The scope of this paper is to validate the possibility of using BNs to classify traffic accidents according to their injury severity, and to find out the best BN classification performance along with the best graphical representation, in order to be capable of identifying the relevant variables that affect the injury severity of traffic accidents.
This paper is organized as follows. Section 2 presents the data used and briefly reviews the concept of BNs and Bayesian learning. The methods used for preprocessing and evaluating the data are also presented; finally a brief description of inference is presented. In Section 3, the results and their discussion are presented. In Section 4, summary and conclusions are given.
This paper uses BNs to analyze traffic accident data in order to validate the ability of this data-mining technique to classify traffic accidents according to their injury severity, and to identify the significant factors that are associated with KSI in traffic accidents.
Traffic accident data was obtained from the DGT for a period of three years (2003–2005) for Granada (Spain). Three BNs were built using three different score metrics: BDe, MDL and AIC.
Several indicators have been used in order to evaluate the performance of the built BNs: accuracy, sensitivity, specificity, HMSS, ROC Area, MPE and graph complexity (or number of arcs). The results obtained for these indicators do not vary significantly between the different score metrics used and they are within the range of previous studies (Abdel Wahab and Abdel-Aty, 2001 and Simoncic, 2004). So, it could be concluded that BNs might be a useful tool for classifying traffic accidents according to their injury severity.

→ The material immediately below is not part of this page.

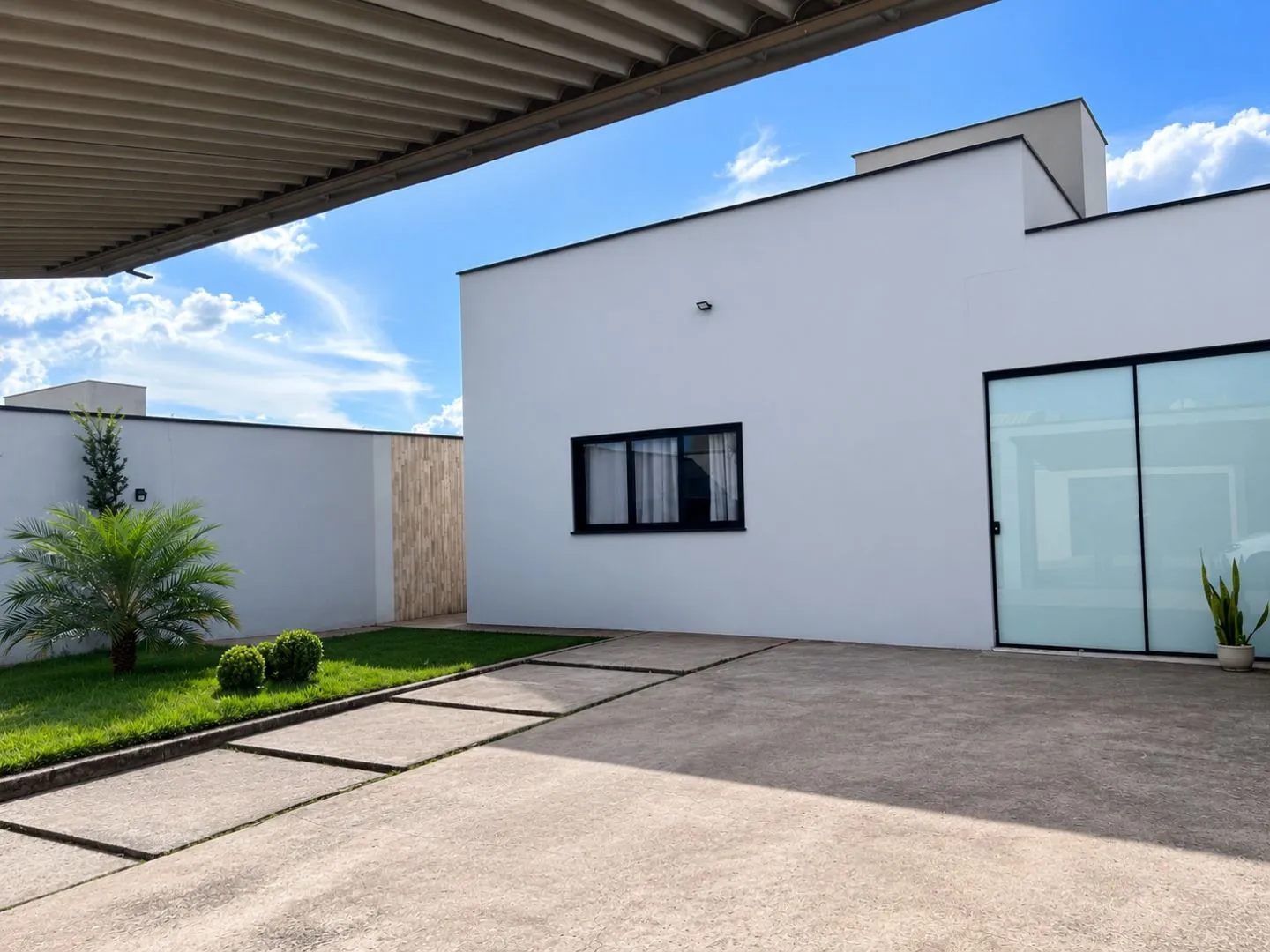 Foto do imóvel Casa com 3 dormitórios à venda, 160 m² por R$ 550.000,00 - Residencial Barreiro - Patos de Minas/MG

Inference was used to identify the values of the variables that are associated with KSI in traffic accidents on Spanish rural highways. Based on the results, it would be possible to identify the type of accident that would most probably be classified as KSI on Spanish rural highways. It would be a head-on or rollover traffic accident in a roadway without lighting with only one injury within the age of 18 and 25 years. These factors (head-on or rollover, unlit roadway, only one injury and within the age of 18 and 25 years) do not have to exist all at once in order to have a KSI accident. Any of these or a combination of them might increase the probability of a KSI accident. In general, these results are consistent with the literature (Tavris et al., 2001, Kockelman and Kweon, 2002, Abdel-Aty, 2003, Helai et al., 2008, Gray et al., 2008 and Scheetz et al., 2009). However, this finding may vary for other countries and datasets.

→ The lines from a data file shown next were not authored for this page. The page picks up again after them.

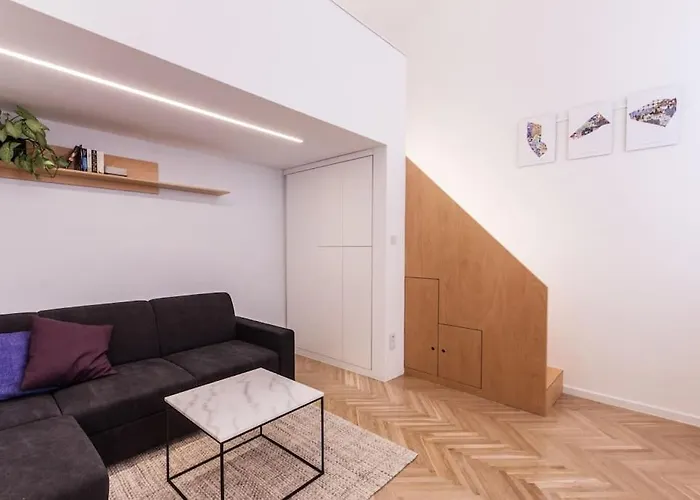 Eszter's Lovely Downtown Budapeszt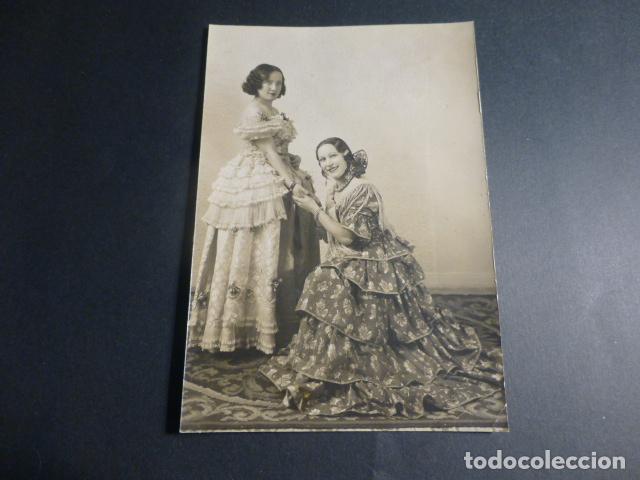 Fotografia antica: MUJERES CON TRAJE DE SEVILLANA Y MENINA FOTOGRAFIA 10 X 15 CMTS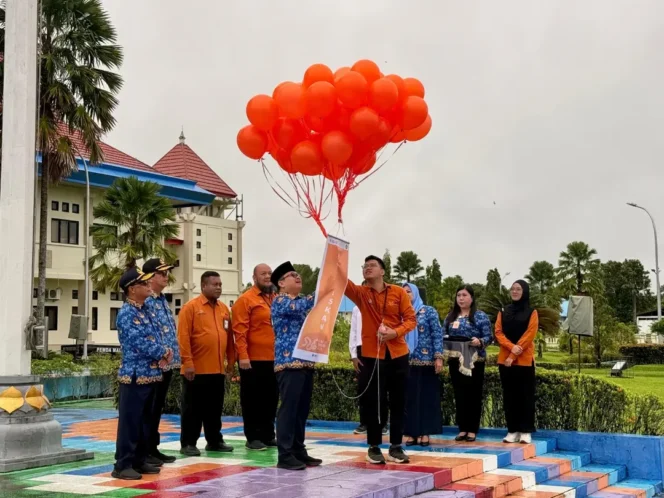 
 Plh Sekda Malinau Pimpin Apel Korpri dan Ajak Seluruh Elemen Sukseskan Sensus Ekonomi 2026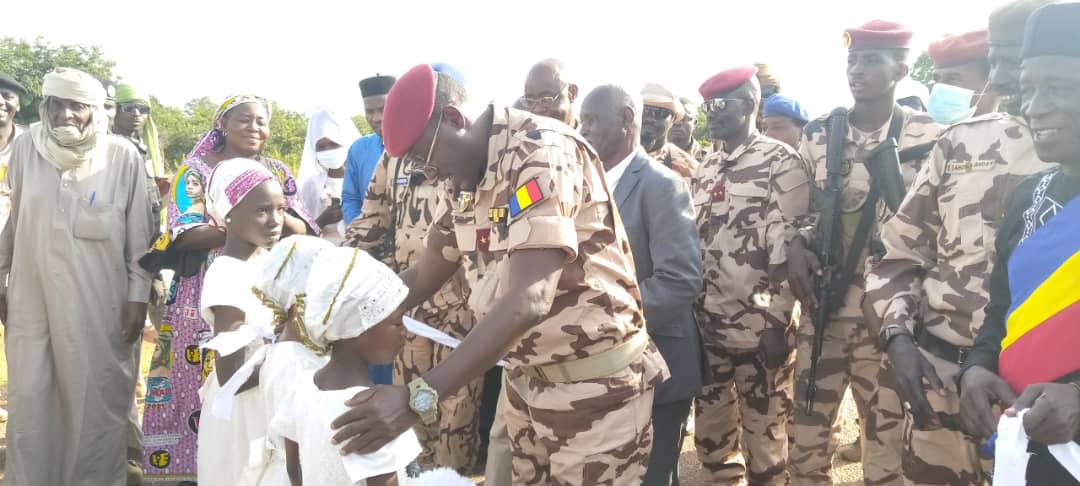 Tchad : le gouverneur du Moyen-Chari en tournée au Lac Iro Tchad : le gouverneur du Moyen-Chari en tournée au Lac Iro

BNs, which have proved their effectiveness in different research areas, could be usefully applied in the domain of traffic accident modeling. Their effectiveness has been found to be similar to other data-mining techniques used to model severity in traffic accidents. Compared with other well-known statistical methods, the main advantage of the BNs seems to be their complex approach where system variables are interdependent and where no dependent and independent variables are needed (Simoncic, 2004).